RCand - 0601349-29.2022.6.21.0000 - Voto Relator(a) - Sessão: 12/09/2022 às 14:00

 VOTO

Senhor Presidente.

Eminentes Colegas.

 

Inicialmente, tenho que os demais requisitos atinentes ao requerimento de registro de candidatura de PAULO EUCLIDES GARCIA DE AZEREDO foram atendidos, restando, tão somente, a análise quanto à Ação de Impugnação ao Registro de Candidatura proposta pelo Ministério Público Eleitoral.

O DRAP principal encontra-se julgado e deferido.

 

Da tempestividade

Quanto à tempestividade, o prazo de ajuizamento da Ação de Impugnação a Registro de Candidatura tem previsão na Resolução TSE n. 23.609/19:

Art. 40. Cabe a qualquer candidata ou candidato, partido político, federação, coligação ou ao Ministério Público, no prazo de 5 (cinco) dias, contados da publicação do edital relativo ao pedido de registro, impugná-lo em petição fundamentada (LC nº 64/1990, art. 3º, caput). (Redação dada pela Resolução nº 23.675/2021)

 

A Lei Complementar n. 64/90, em seu art. 6º, dispõe que “os prazos a que se referem o art. 3º e seguintes desta lei complementar são peremptórios e contínuos e correm em secretaria ou Cartório e, a partir da data do encerramento do prazo para registro de candidatos, não se suspendem aos sábados, domingos e feriados.”

A publicação do edital ocorreu no dia 15.8.2022, no Diário Eletrônico da Justiça Eleitoral, e o Procurador Regional Eleitoral ingressou com a impugnação em 20.8.2022 (ID 0600973), sendo a mesma tempestiva.

 

Do Mérito

Cuida-se de pedido de registro de candidatura de PAULO EUCLIDES GARCIA DE AZEREDO ao cargo de deputado estadual pela Coligação Frente Trabalhista (PDT/PMB). A questão cinge-se quanto à Ação de Impugnação ao Registro de Candidatura, na qual o MINISTÉRIO PÚBLICO ELEITORAL suscitou a inelegibilidade do candidato por entender configurada a hipótese prevista na al. “c” do inc. I do art. 1º da Lei Complementar n. 64/90, porque teve a perda do mandato decretada pela Câmara de Vereadores em processo de impeachment pela prática de ilícitos previstos no Decreto-Lei n. 201/67, que guardariam paralelismo com dispositivos da Lei Orgânica do Município, por meio do Decreto Legislativo n. 269/15.

Nas razões expostas pelo impugnante e pelo impugnado, mostra-se que a quaestio juris já foi enfrentada em diversas ocasiões por esta Especializada.

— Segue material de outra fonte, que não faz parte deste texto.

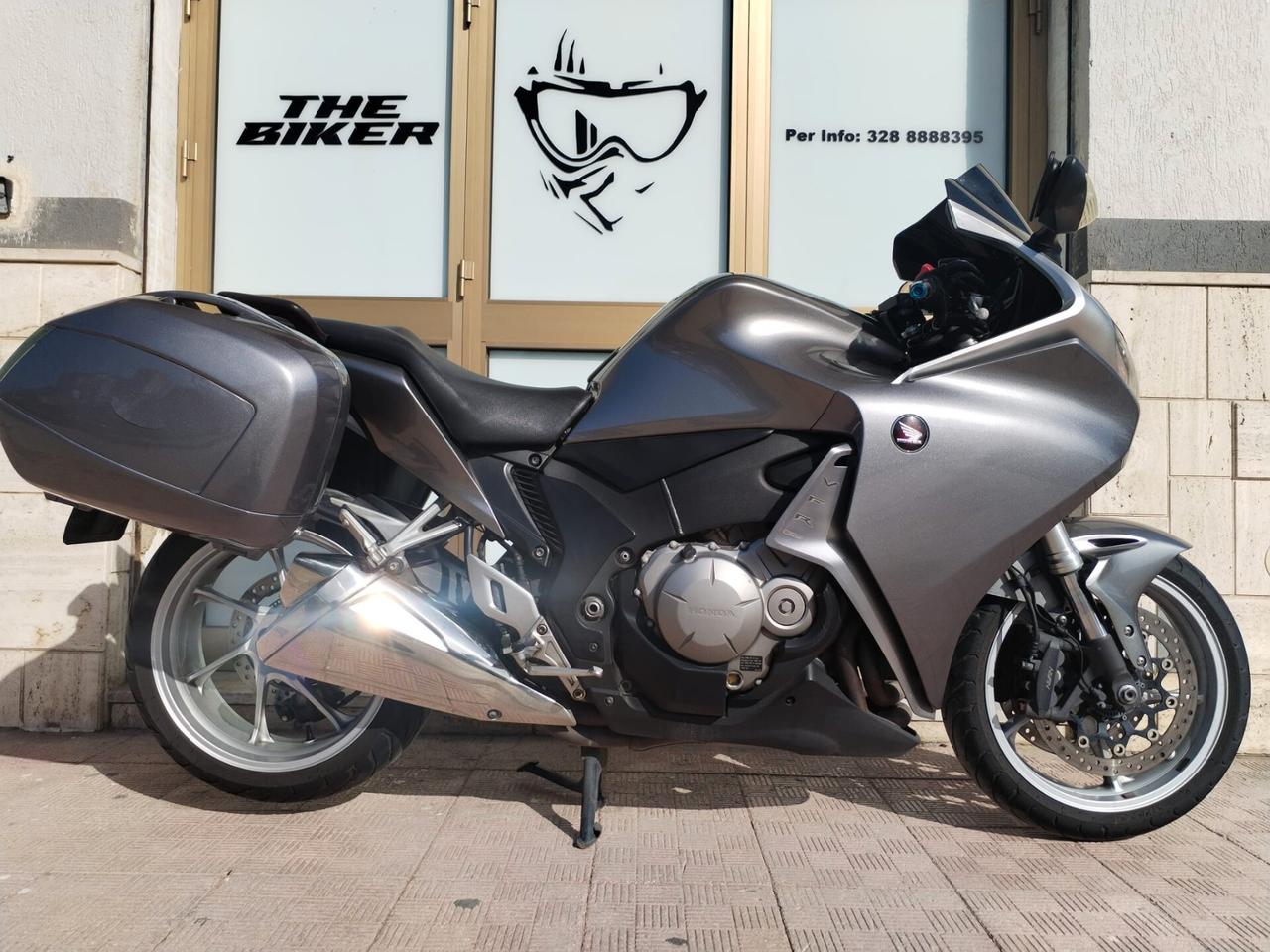 Honda VFR 1200 F gt v4 173 cv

Ressalto que cabe referir que “as condições de elegibilidade e as causas de inelegibilidade devem ser aferidas a cada eleição. O reconhecimento ou não de determinada hipótese de inelegibilidade para uma eleição não configura coisa julgada para as próximas eleições” (AgR-REspe n. 2553, Rel. Min. Dias Toffoli, DJe de 25.3.2013).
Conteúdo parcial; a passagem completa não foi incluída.